▶ [Your objective] One range is to be output from the listing below, exactly as written: the line with "Panduit JBP1DIW Pan-Way" to the line with "Team 365 TT96", both kept.

▶ [Records provided]
****************************************

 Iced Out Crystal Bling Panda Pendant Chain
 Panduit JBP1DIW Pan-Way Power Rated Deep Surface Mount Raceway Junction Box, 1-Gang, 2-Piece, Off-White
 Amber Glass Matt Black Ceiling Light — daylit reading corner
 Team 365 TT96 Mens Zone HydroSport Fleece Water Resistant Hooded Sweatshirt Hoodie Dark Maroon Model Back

****************************************

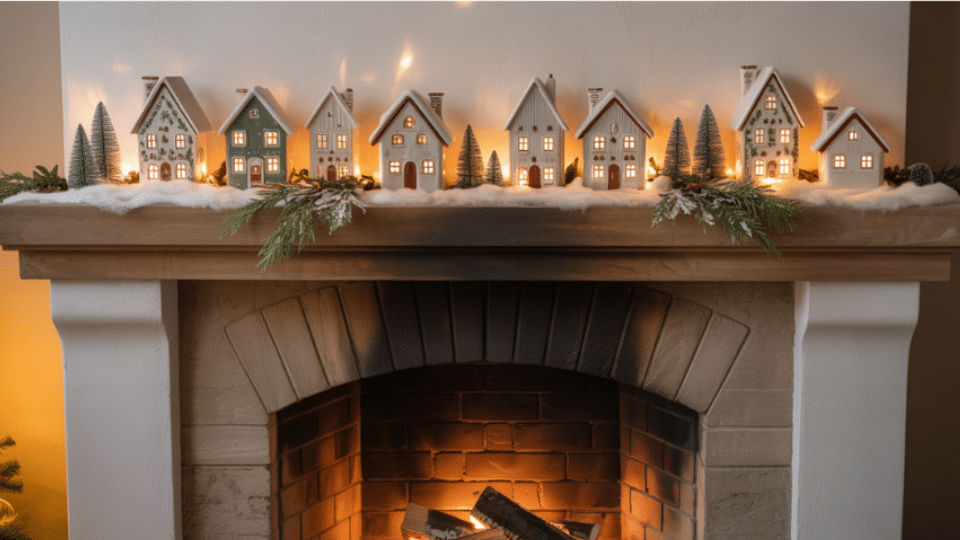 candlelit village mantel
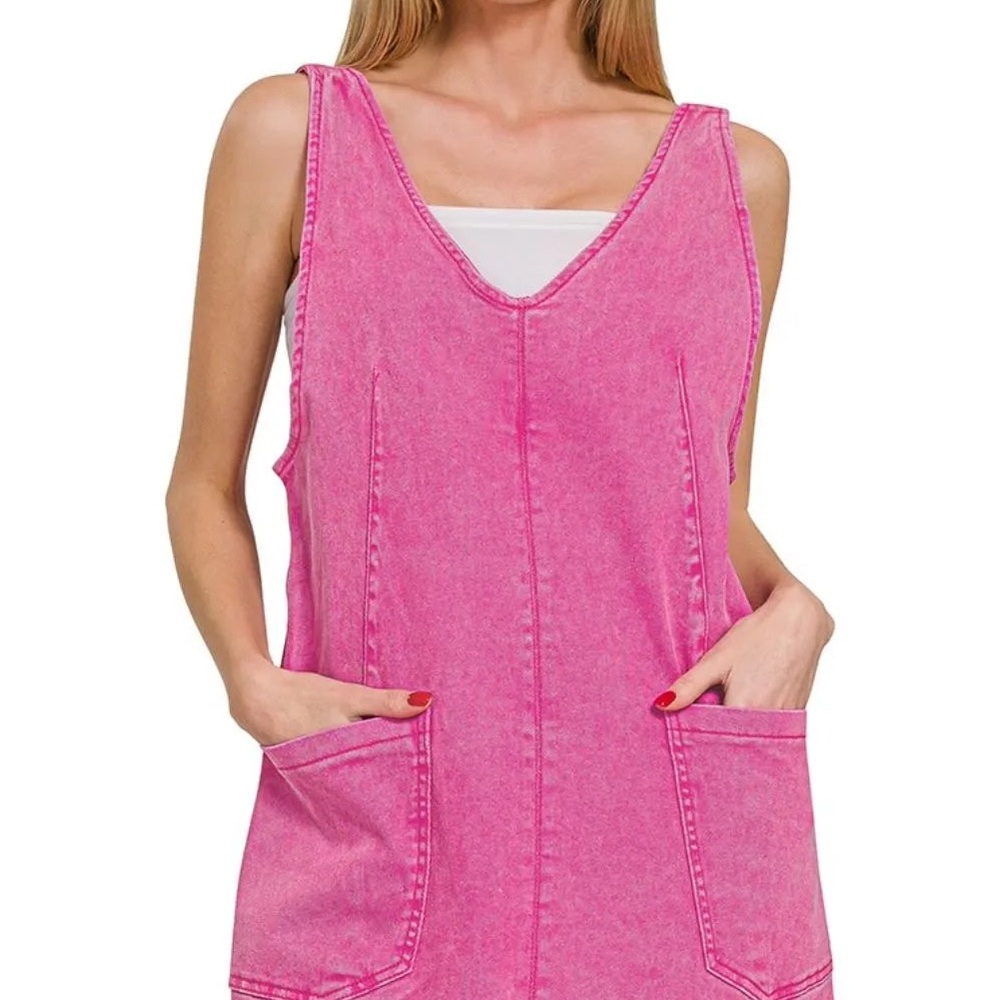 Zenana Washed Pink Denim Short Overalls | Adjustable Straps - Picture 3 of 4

****************************************

▶ [Answer space]
 Panduit JBP1DIW Pan-Way Power Rated Deep Surface Mount Raceway Junction Box, 1-Gang, 2-Piece, Off-White
 Amber Glass Matt Black Ceiling Light — daylit reading corner
 Team 365 TT96 Mens Zone HydroSport Fleece Water Resistant Hooded Sweatshirt Hoodie Dark Maroon Model Back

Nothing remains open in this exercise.